Спортивный журналист - стр. 52
Я бы на их месте постарался растрогать читателей. Написал бы о тощем пареньке-негре из Брадентона, штат Флорида, безграмотном, переболевшем рахитом, не ладившем с законом и все же принятом, как подающий надежды баскетболист, в большой университет Среднего Запада, где стал звездой, выучился читать, специализировался по психологии, женился на белой девушке и в конце концов открыл в Акроне консалтинговую фирму. Хорошая получилась бы статья. У белой девушки могли бы найтись восточноевропейские корни. Родители ее противились такому замужеству, но их удалось уломать.
Если все сказанное создает впечатление, что спортивная журналистика – занятие несерьезное, то лишь потому, что так оно и есть.
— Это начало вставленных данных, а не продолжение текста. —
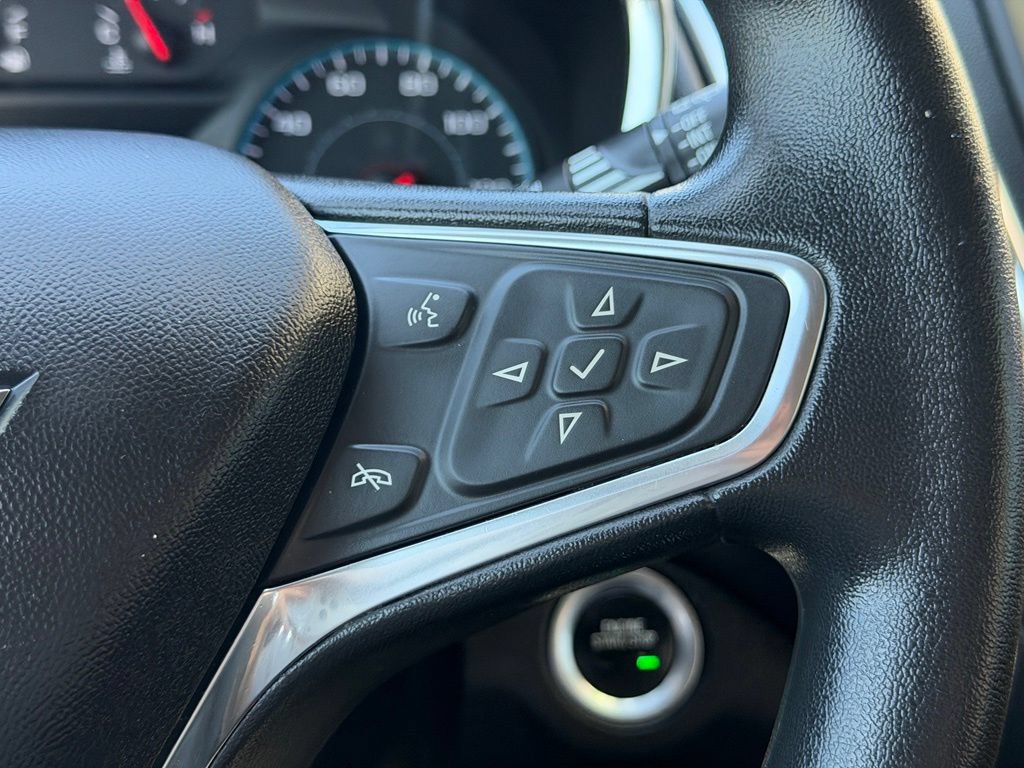 Used 2018 Chevrolet Equinox LT FWD image 19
И по этой причине профессия эта весьма неплоха. Готов также признать, что мне она не очень подходит.
В терминал А мы входим бывалыми путешественниками. Я занимаю очередь к кассам «Юнайтед», пока Викки отправляется попудрить носик и купить нам полетную страховку. Выяснилось, что она такой же завсегдатай аэропортов, как и я. Пока мы ехали на эскалаторе, Викки рассказала, что, когда ее отношения с кобелем Эвереттом портились, она ехала в новый аэропорт Далласа, смотрела, как взлетают самолеты, и воображала себя в одном из них.
– Если проторчать в аэропорте один год, – сказала она с улыбкой официантки из придорожного кафе, когда мы вошли в кассовый зал, забитый пассажирами и потерявшими друг дружку в толпе супругами, – то увидишь всех на свете. А уж Чарли Прайда[16] раз сто, не меньше.
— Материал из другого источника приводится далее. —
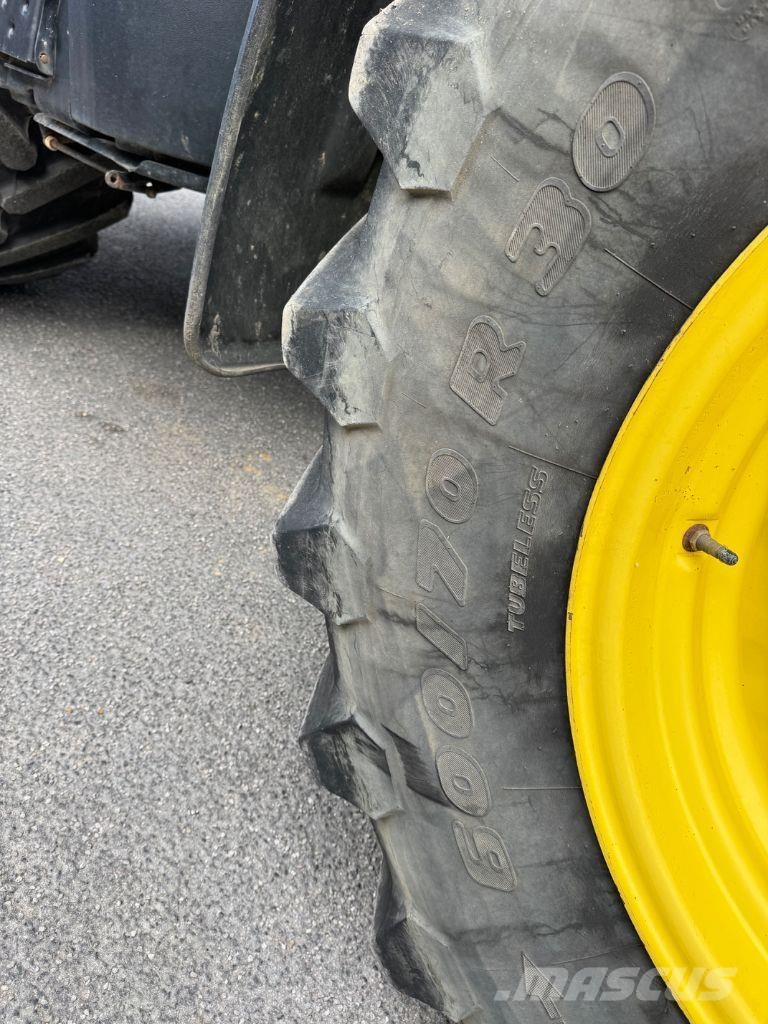 John Deere 7250R Tractors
Викки считает, что покупка страховки – самая выгодная сделка на свете, и кто я такой, чтобы спорить с этим? Правда, я советую ей не указывать в качестве получателя страховой премии меня.
– Да уж конечно, – отвечает она и морщится, едва ли не с отвращением. – Я всегда назначаю наследницей Католическую церковь.
– Ладно, тогда все в порядке, – говорю я, хоть мы с ней ни разу еще о религии и не беседовали.
– Если тебе интересно, я подалась в католички после того, как вышла за Эверетта, – сообщает она, и на лице ее появляется какое-то странное выражение. – Они многое делают для больниц. И Папа – старикан, по-моему, неплохой. А до того я была паршивой методисткой, как и все в Техасе, не считая баптистов.
– Ну и отлично, – говорю я, крепко сжимая ее руку.
– Свобода выбора. – И она легкой походкой направляется к продающим страховки автоматам.
Я уже снова повеселел. Людные места неизменно оказывают на меня целительное действие, если я чем и страдаю, то никак не противоположностью агорафобии. Мне нравится дышать одним воздухом с толпой. В определенном смысле, такие места – моя стихия. Даже залитые желтым светом автовокзалы и мрачные станции метро наполняют меня ощущением безопасности, чувством, что созданы они для меня и ближних моих. Женившись на Экс, я возненавидел мучительные летние недели, которые мы проводили сначала в клубе «Гора гурона», а после в бирмингемском клубе «Сумаховые холмы», одним из учредителей которого был ее отец. Я ненавидел атмосферу привилегированности и покоя, приглушенный, нервный шумок среднезападной исключительности. Думал, что они дурно влияют на детей, и удирал с Ральфом в Детройтский зоопарк, в Ботанический сад на острове Бель-Айл, а однажды добрался даже до Анн-Арборского дендрария. У Экс вся жизнь была напичкана привилегиями – клубы, зарезервированные столики, абонементы на бейсбольные матчи, – впрочем, я думал, что оно ничего не значит, хватало бы сил, чтобы все это вынести, а у нее хватало.